Türk-İş 4. Bölge Başkanı Edip Gülnar, açıklamasını şöyle tamamladı:
ENFLASYONLA MÜCADELE ÜCRETLERİ DÜŞÜK TUTARAK SAĞLANAMAZ.
Elektriğe yüzde 38 zam geldiğini hemen akabinde ise, akaryakıt zamlandı, dar ve sabit gelirli henüz zamlı maaşını alamadan, yaşamını sürdürmek için yapması zorunlu olan tüm harcama kalemlerine zam gelmektedir. Diğer bir ifadeyle, dar ve sabit gelirlinin alacağı zam daha cebine girmeden satın alma gücünü yitirmiş olmaktadır.

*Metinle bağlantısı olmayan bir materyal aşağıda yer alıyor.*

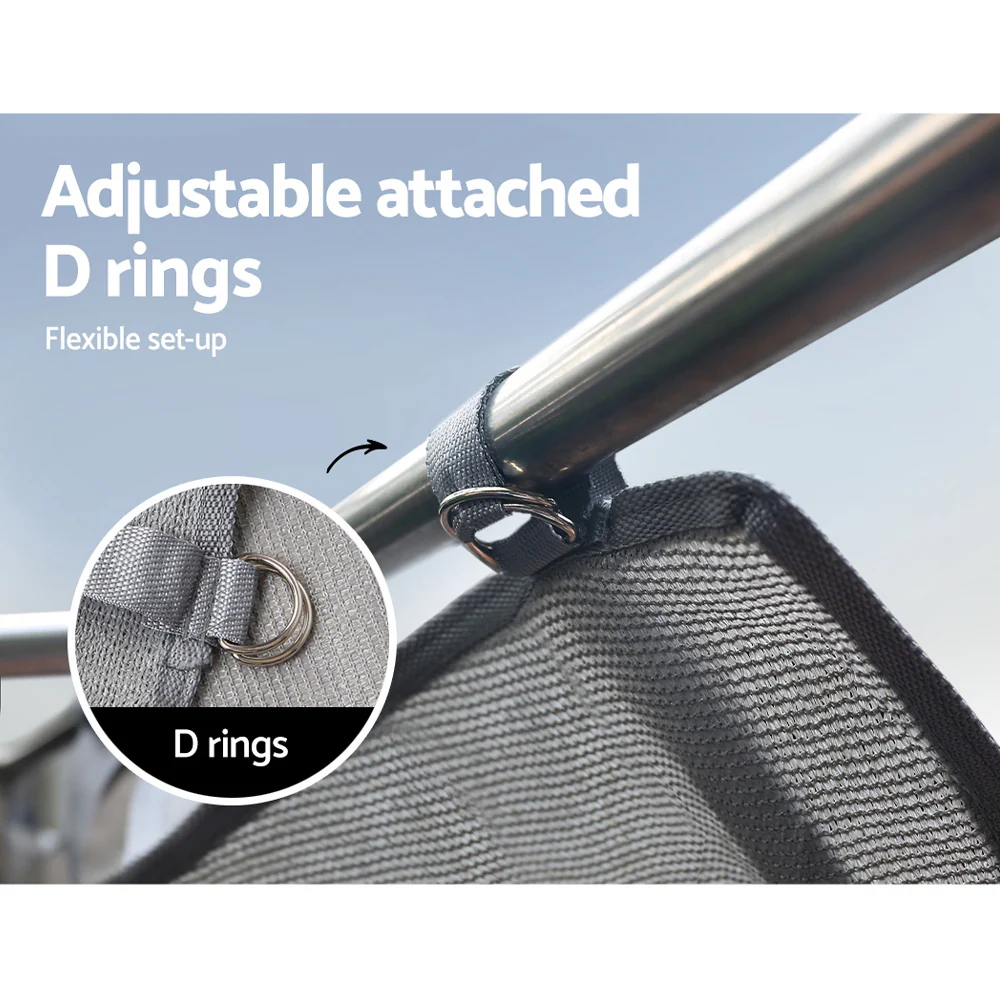 Caravan Privacy Screen Roll Out Awning 3.7X1.95M End Wall Side Sun Shade Grey - Nurns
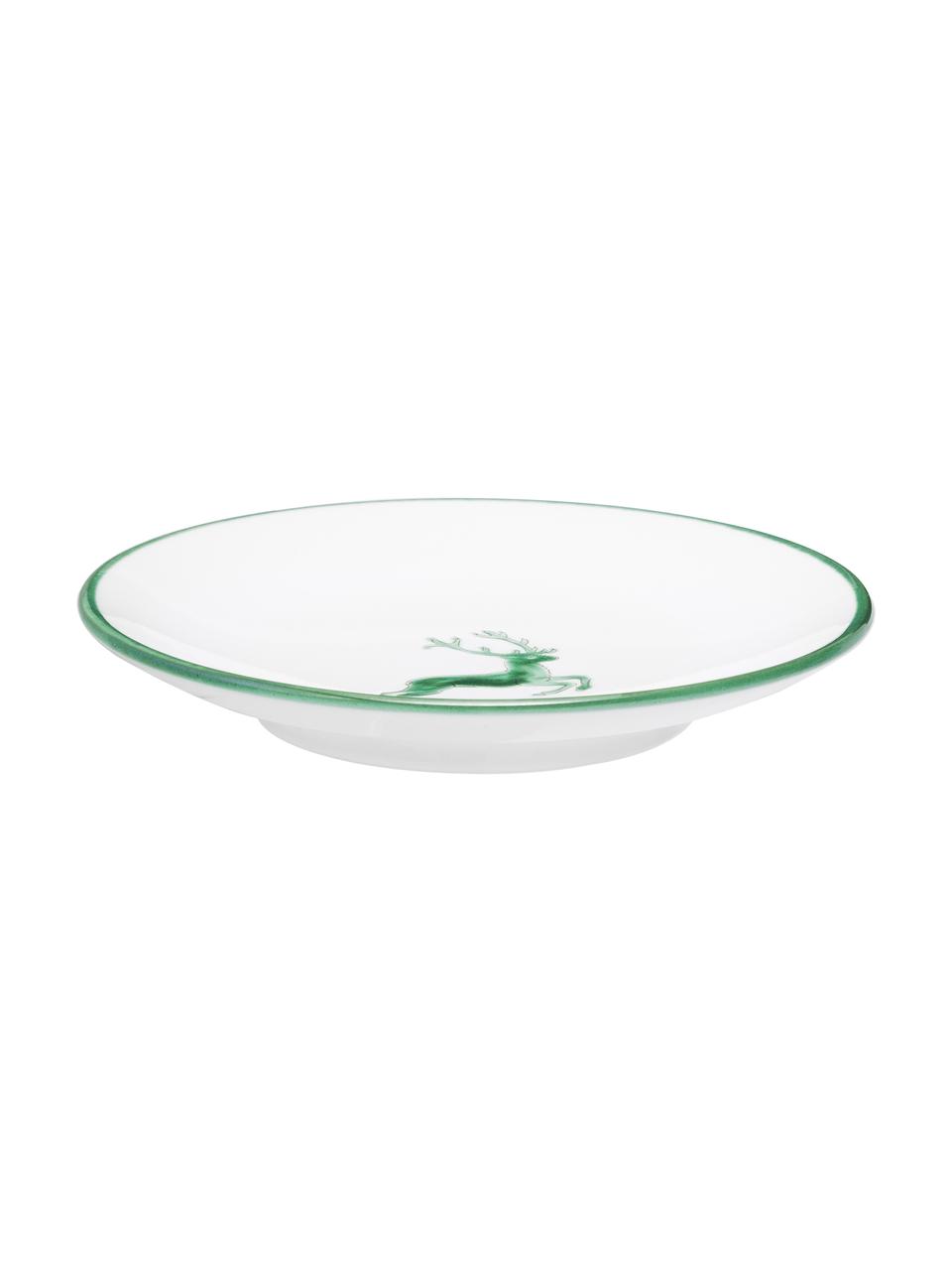 Sous-tasse en céramique artisanale Cerf Vert Classic, Céramique, Vert, blanc, Ø 15 cm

Bu nedenle, ücretleri enflasyonunun temel nedeni olarak gören yaklaşım terk edilmeli, bilimin ışığında enflasyonla mücadele edilerek fiyat artışlarının önüne geçilmesi sağlanmalıdır. Çalışan kesimin yoksullaşması pahasına bir ekonomi politikası sürdürülmemelidir.
ASGARİ ÜCRET ACİLEN ARTIRILMALIDIR
Ülkemizde kayıtlı çalışanların yarısına yakını asgari ücret seviyesinde gelir elde etmektedir. Asgari ücrete yapılacak artış diğer bütün ücret seviyelerine yapılacak zam oranlarını da etkilediğinden bütün işçileri doğrudan ilgilendirmektedir. İstisnai olması gereken asgari ücret artık ortalama ücret haline gelmiştir.
Enflasyonu yükselteceği iddia edilerek asgari ücrete zam yapılmamasını işçilerin kabul etmesi mümkün değildir.
Ülkedeki yüksek enflasyonun sebebi dar ve sabit gelirli işçiler değildir. Yüksek enflasyonun sebebi, hızla artan döviz kuru, dışa bağımlı üretim gibi nedenler başta olmak üzere sermayenin bitmek bilmeyen kâr hırsıdır. Enflasyonun yükselmesinde hiçbir sorumluluğu olmayan işçilerin enflasyonu düşürmek için fedakârlık etmesi beklenmemelidir. İşçiler enflasyonun nedeni değil, mağdurudur.
Açlık sınırı altında kalan asgari ücrete Temmuz ayından geçerli olmak üzere zam yapılması gerekmektedir.”